EMEA Data Loss Prevention User Group

 View Only
  • 1.  Separating detection of text-based and image-based PDFs in DLP

    Posted Dec 07, 2016 06:29 AM

    Hi

    I've run into an issue with separating deteciton of PDFs that contain machine readable text, and PDFs that only contain an image.

    I've examined the metadata and the only obvious difference is text-based PDFs have a 'font' section, and the code of the PDF itself contains a string TEXTON or TEXTOFF depending on the type.

    I've set a test policy to pick up references to font, TEXTON or TEXTOFF but DLP doesn't see them - but it can see the standard metadata such as Author:, Creator: etc - has anyone been able to solve this?

    Thanks in advance!

    Tim



  • 2.  RE: Separating detection of text-based and image-based PDFs in DLP

    Trusted Advisor
    Posted Dec 07, 2016 07:56 AM

    hi tim,

     I used an other method to detect "analyzable" document, I create a compound rule :

    - detect PDF

    +

    - a simple regexp (like \w+) or very usual keyword (not included in stopwords list) (this will not match if there is only images in pdf document)

     and so i could add other criteria in the rule.

     Regards



  • 3.  RE: Separating detection of text-based and image-based PDFs in DLP

    Posted Dec 07, 2016 11:21 AM

    Thanks Stephane - I tried the regexp \w+ but it picks up the metadata headers even though the PDF is image only - e.g. 'Keywords :' - any thoughts?

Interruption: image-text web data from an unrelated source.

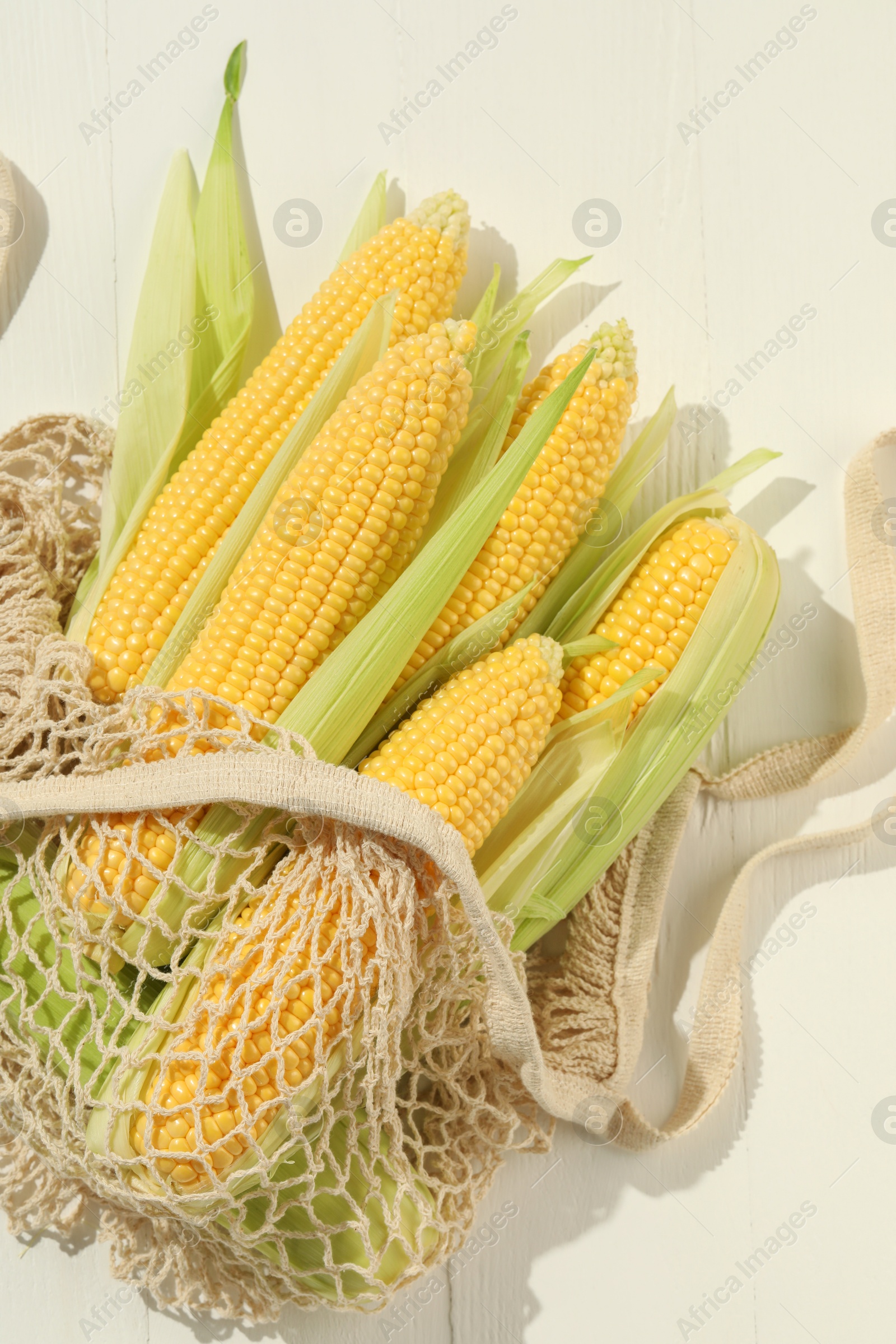 Photo of Many fresh ripe corncobs with green husks on white wooden table, top view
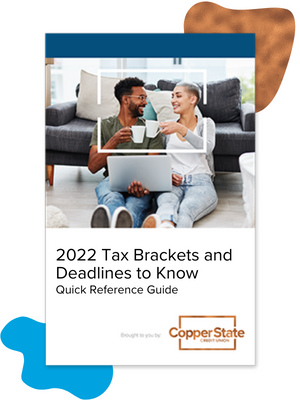 2022-tax-brackets-couple-with-coffee-on-computer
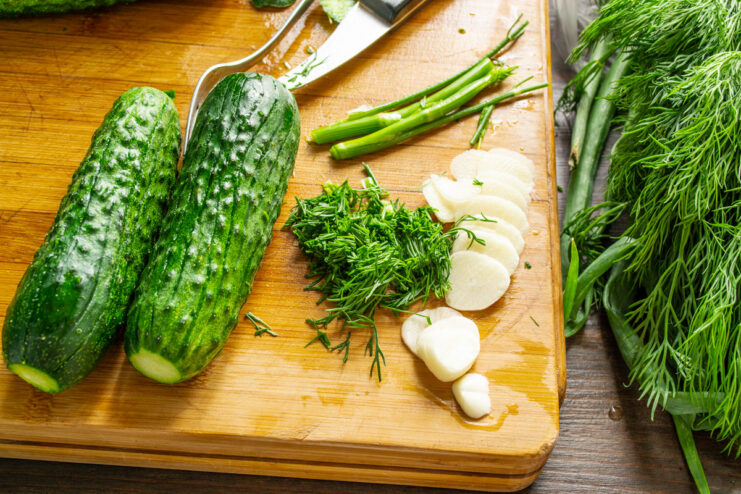 Using both dill fronds and stems adds a deep, aromatic flavor. Fresh dill being chopped on a cutting board, with stems set aside.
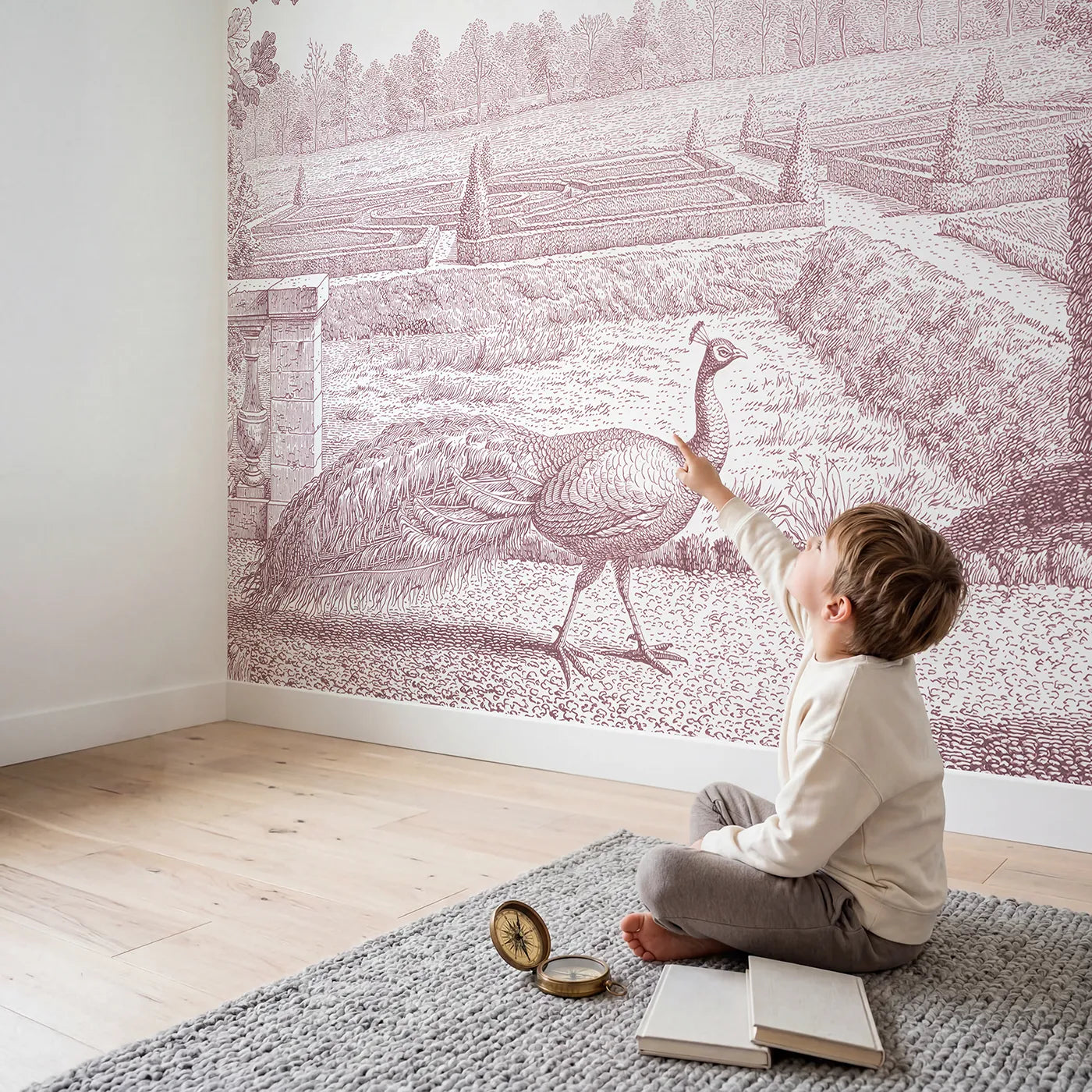 Child in nursery with Peacock Garden Strut Wallpaper Mural in Pink by Whimsy Tots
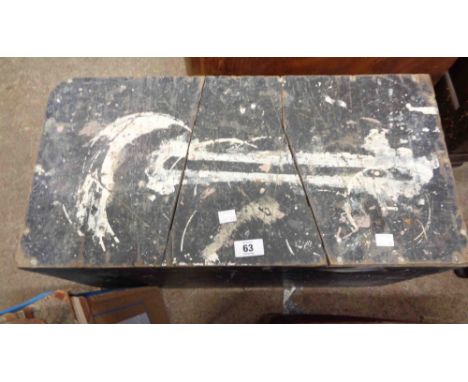 A black painted wooden lift-top tool chest containing a quantity of tools including planes, pincers, small vice, etc.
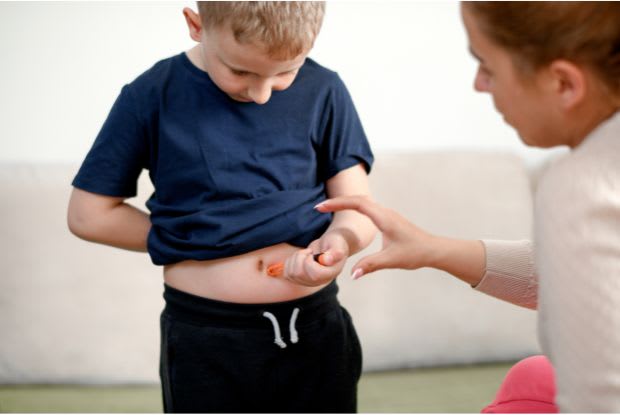 a mom teaching her diabetic child how to inject insulin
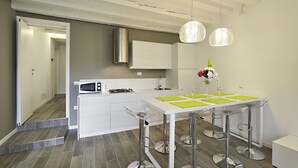 Una cocina moderna con armarios blancos, campana de acero inoxidable y un área de comedor con mesa blanca y taburetes de bar.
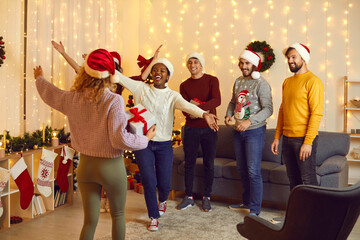 Happy multiracial friends have fun celebrate New Year together at home. Smiling millennial diverse...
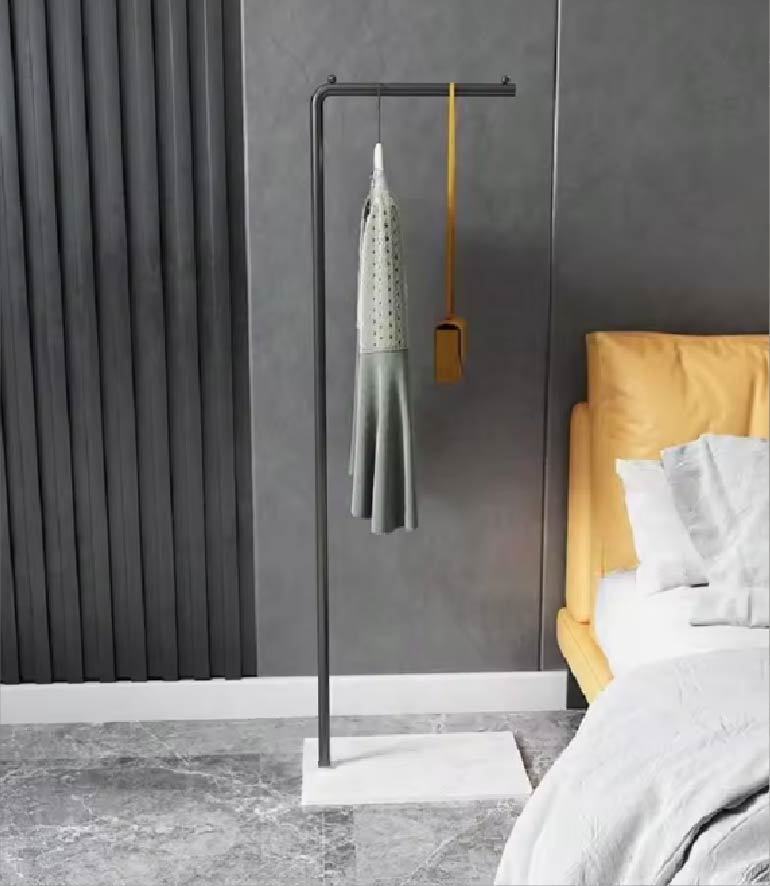 大理石ベースの黒いミニマルデザイン衣類スタンドにワンピースとバッグが掛けられている室内写真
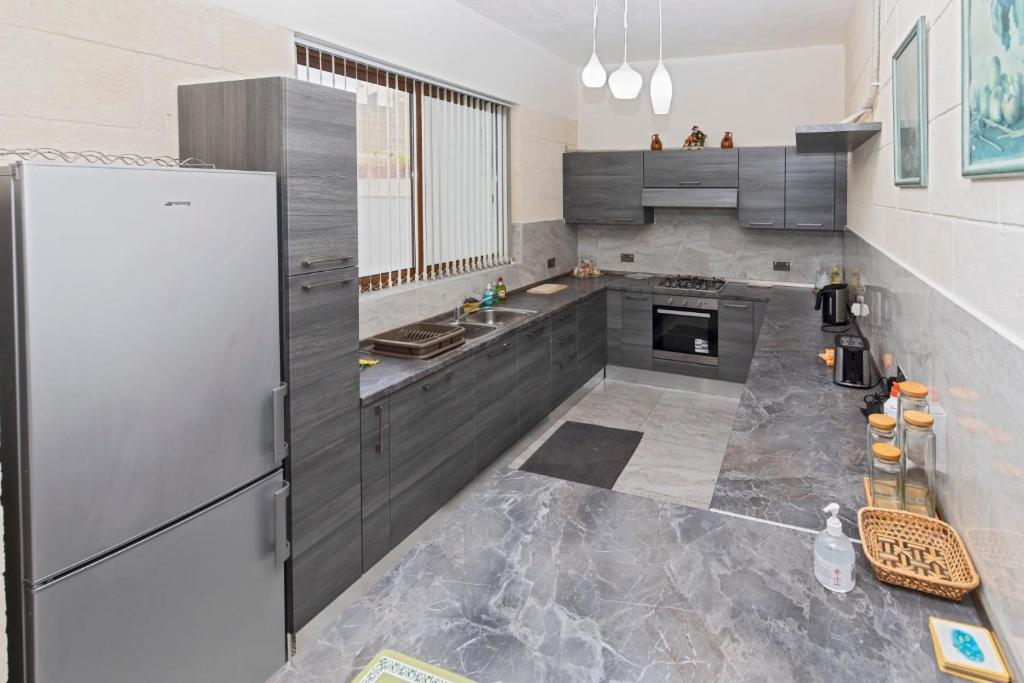 Kuchyň nebo kuchyňský kout v ubytování Holiday Home with Private Pool in Gozo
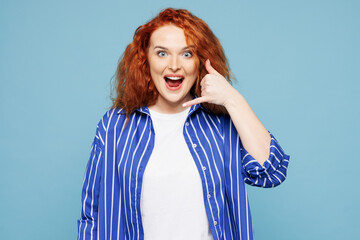 Young surprised ginger woman she wears shirt t-shirt casual clothes doing phone gesture like says call me back isolated on plain pastel light blue cyan background studio portrait. Lifestyle concept.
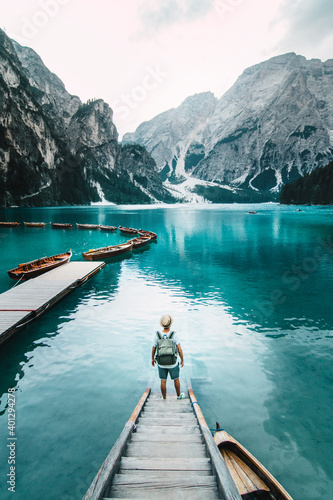 Back view of unrecognizable male traveler standing on wooden quay and admiring amazing scenery of lake with turquoise water in mountains on foggy day photo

  • 4.  RE: Separating detection of text-based and image-based PDFs in DLP

    Broadcom Employee
    Posted Dec 07, 2016 11:57 AM

    Likely the way to take care of this is to create a custom file identifier for PDFs with text and then those that dont. Before going though that I would ask more about the use case. Is is that you are worried about things that need OCR done on them? In that case it might be a use case for our Form Matching technology if the form it is on is standardized and could therefore be indexed.



  • 5.  RE: Separating detection of text-based and image-based PDFs in DLP

    Posted Dec 08, 2016 06:48 AM

    Thanks John - we have some printer/scanners that produce an OCR enabled PDF, and some printer/scanners that don't.  I need to detect them separately, and I already have metadata enabled in the detection servers, so I can see the standard metadata headers in the scanned PDF.



  • 6.  RE: Separating detection of text-based and image-based PDFs in DLP

    Posted Dec 10, 2016 10:37 AM

     I guess turning metadata detection off is one solution (along with the regex for a word character). But i'm sure you have it enabled for a reason.. Alternatively, you could use a regex to look for characters that indicate typical sentences/paragraphs format. For example;

    #Word ending with a full stop, exclamation point or question mark, a space (or new line) then another word (beginning with a capital letter)

    \s\w+[.?!]\s[A-Z]+\s

    You'd assume this would match multiple times in a document, so you could make the threshold 2 or 3+ to make sure you don't get a red herring in the metadata. If you do and it's isolated to a particular property, just add an exception for that particular pattern or keyword aka (Exclude "Keywords:" or "\w+:\s")

    Dean

     

     



  • 7.  RE: Separating detection of text-based and image-based PDFs in DLP

    Posted Dec 10, 2016 10:41 AM

    Something that came to me after I submitted above reply, but I haven't tested. If using Vector Machine Learning (VML) and you gave it positive examples of text-based PDFs and and negative examples of image-based PDFs, it may be a very good option also.